Instructions to follow. Any picture in the data below should be skipped, while every line is repeated exactly.

Raw data.

§

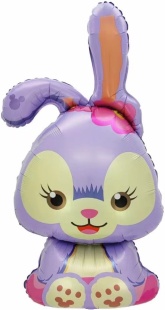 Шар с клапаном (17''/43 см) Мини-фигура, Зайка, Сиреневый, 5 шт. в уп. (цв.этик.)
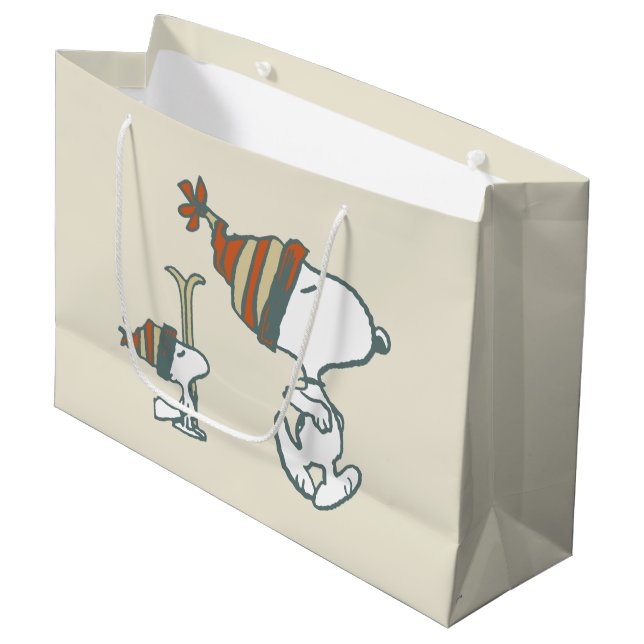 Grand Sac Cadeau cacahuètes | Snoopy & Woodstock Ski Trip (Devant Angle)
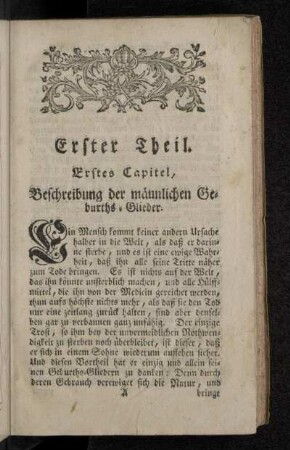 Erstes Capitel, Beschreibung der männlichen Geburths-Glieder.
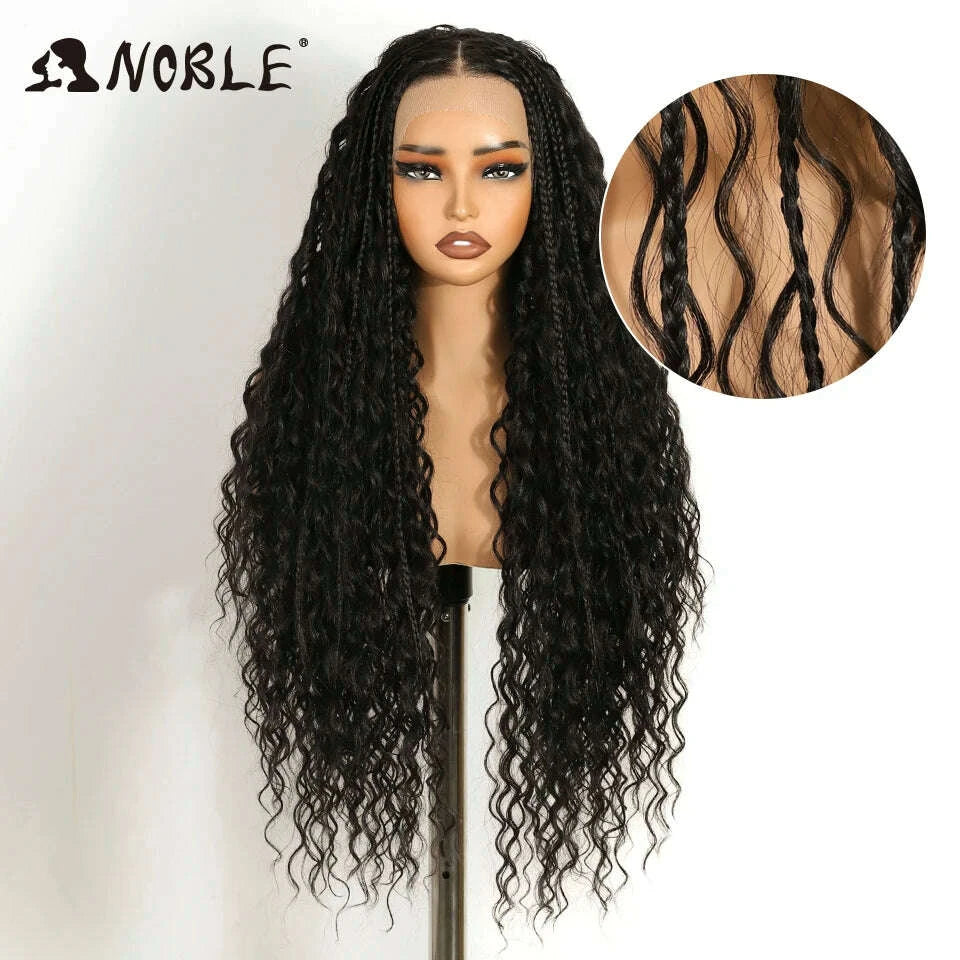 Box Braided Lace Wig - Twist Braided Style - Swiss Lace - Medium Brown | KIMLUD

§

Answer section.
 Шар с клапаном (17''/43 см) Мини-фигура, Зайка, Сиреневый, 5 шт. в уп. (цв.этик.)
 Grand Sac Cadeau cacahuètes | Snoopy & Woodstock Ski Trip (Devant Angle)
 Erstes Capitel, Beschreibung der männlichen Geburths-Glieder.
 Box Braided Lace Wig - Twist Braided Style - Swiss Lace - Medium Brown | KIMLUD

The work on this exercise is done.